How to achieve AI Studio-like multi-turn image consistency with Gemini 3 Pro Image API in automation workflows?

Background

I’m building an automated visual book-to-graphic-novel pipeline using n8n workflow automation and the Gemini 3 Pro Image API. I write books and want to convert them into 20-30 page visual graphic novels with consistent characters, style, and visual continuity.

What Works (AI Studio)

In AI Studio, the workflow is seamless:

  1. I provide the full book context/storyline upfront

  2. I say: “Generate the cover for this book” → AI generates it

  3. I say: “Generate page 1” → AI generates it with consistent style and characters

  4. I say: “Generate page 2” → AI maintains context of previous pages and style

  5. This continues for 20+ pages with perfect consistency

The key: AI Studio seems to maintain persistent visual context throughout the entire conversation without me needing to re-upload reference images or previous pages.

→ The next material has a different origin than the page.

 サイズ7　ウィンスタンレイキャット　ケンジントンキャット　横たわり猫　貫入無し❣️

What Doesn’t Work (API + n8n Automation)

When building this via the Gemini API with n8n automation, I cannot replicate this behavior. Here’s what I’ve tried:

Attempt 1: Multi-turn conversation with contents array

  • Following the multi-turn image editing docs

  • ive tried Manually building a conversationHistory array with all previous messages

  • also tried attaching each image problem: Hitting the 14-image attachment limit around page 12-14 when including all generated pages in history

Attempt 2: Context Caching

  • Attempted to use context caching to store character references and style

  • Problem: Context caching is not available for gemini-3-pro-image-preview model (only text models )

My Questions

  1. How does AI Studio maintain visual context across 20+ image generations? Is it using a different API endpoint or method that’s not documented in the public API docs?

  2. Is there a way to use the Chat/multi-turn functionality that maintains visual memory without hitting attachment limits?

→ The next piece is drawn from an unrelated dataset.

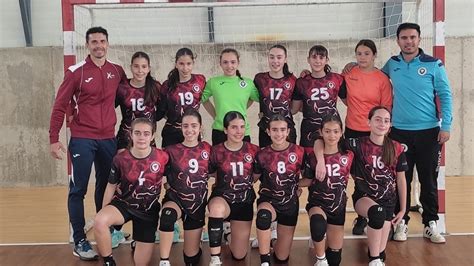 El Equipo Infantil Femenino Rojo De Las Escuelas Deportivas Municipales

  3. Should I be using a different model or approach for this use case? The goal is: upload context once → generate 20-30 sequential images with consistent characters/style.

What I Need

A method to replicate AI Studio’s behavior programmatically:

  • Provide full story context + character references once

  • Generate pages 1-30 sequentially via API calls

  • Each page maintains visual consistency with previous pages

  • No need to re-upload references or regenerated pages with each request

Any guidance, code examples, or documentation pointers would be incredibly helpful!